## GOAL OF THE EXERCISE
Once the line containing "Jira facilities service" is located in the records below, repeat it and all lines that follow it exactly, leaving out any picture.

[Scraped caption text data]
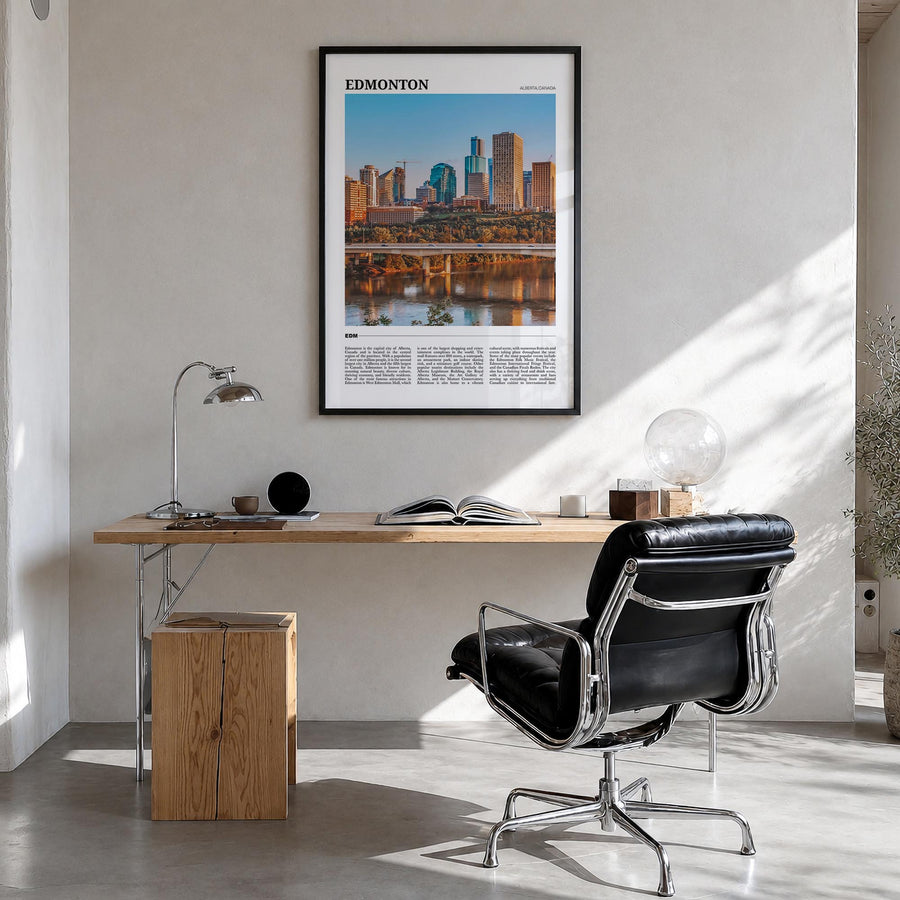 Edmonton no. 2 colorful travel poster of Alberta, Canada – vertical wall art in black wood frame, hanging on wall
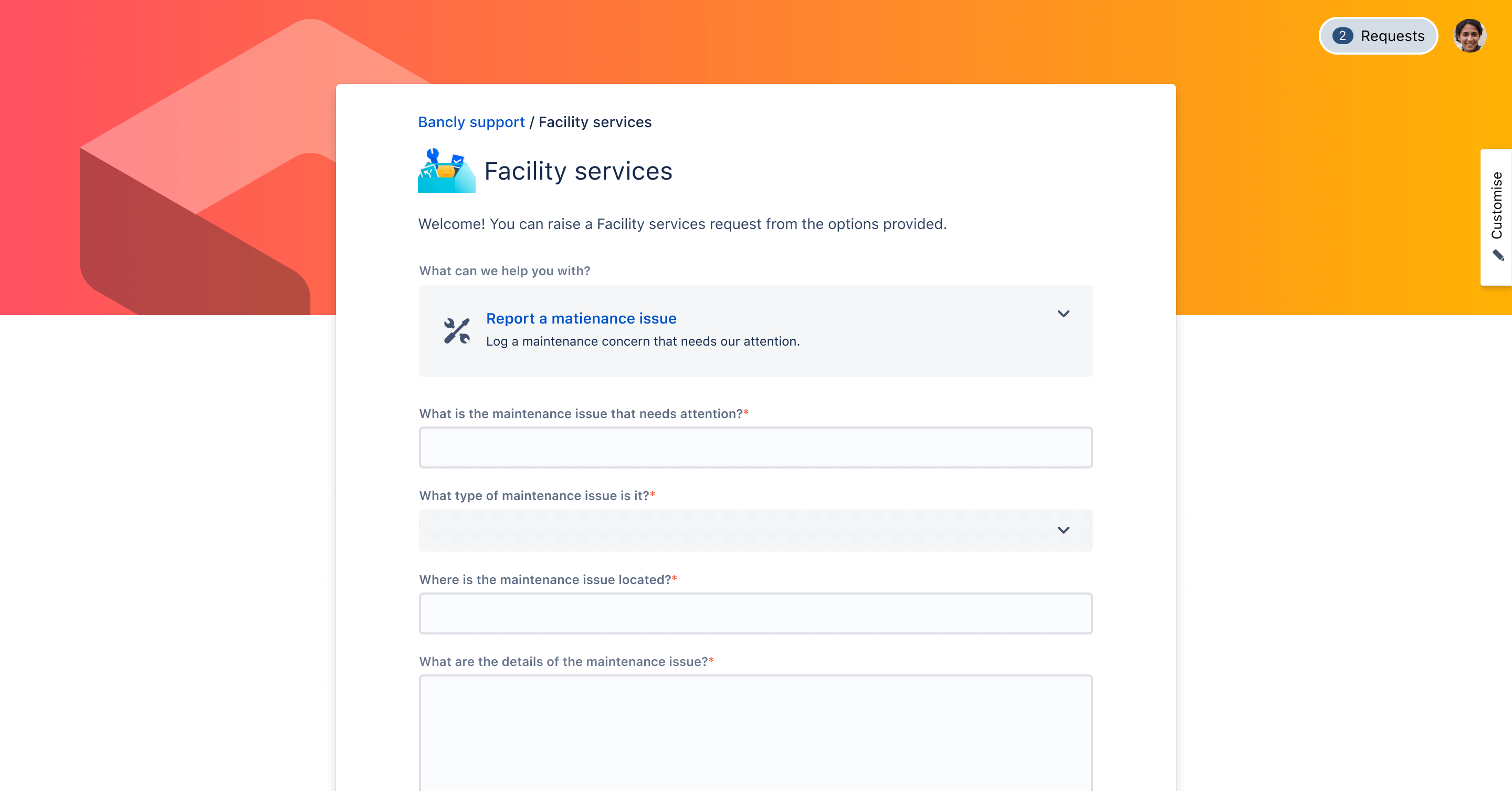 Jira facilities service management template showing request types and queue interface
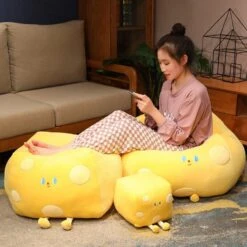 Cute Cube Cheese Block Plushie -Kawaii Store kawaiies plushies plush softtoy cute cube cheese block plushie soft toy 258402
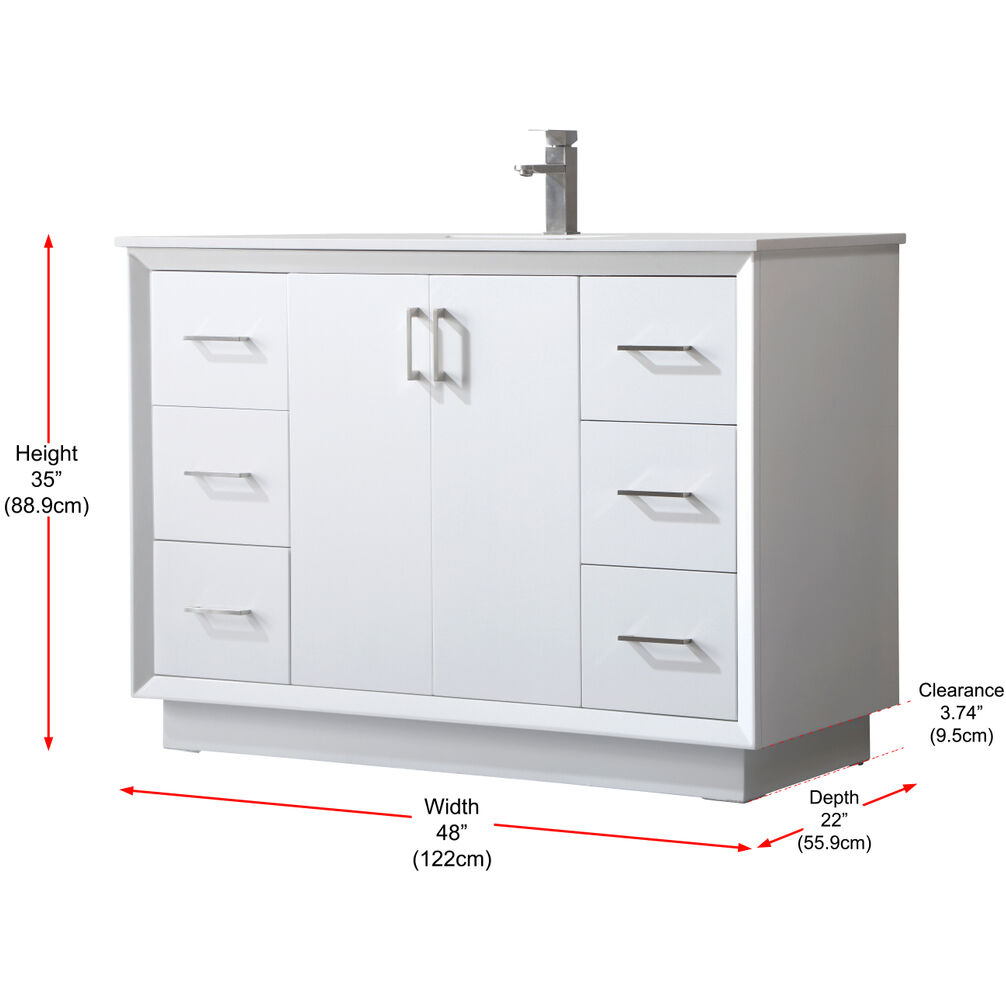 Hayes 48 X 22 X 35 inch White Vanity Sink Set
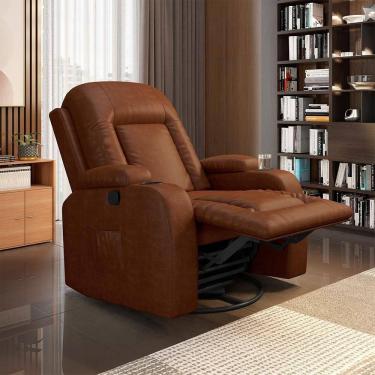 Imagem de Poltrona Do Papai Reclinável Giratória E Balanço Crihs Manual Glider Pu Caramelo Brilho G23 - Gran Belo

## TASK SOLUTION
 Jira facilities service management template showing request types and queue interface
 Cute Cube Cheese Block Plushie -Kawaii Store kawaiies plushies plush softtoy cute cube cheese block plushie soft toy 258402
 Hayes 48 X 22 X 35 inch White Vanity Sink Set
 Imagem de Poltrona Do Papai Reclinável Giratória E Balanço Crihs Manual Glider Pu Caramelo Brilho G23 - Gran Belo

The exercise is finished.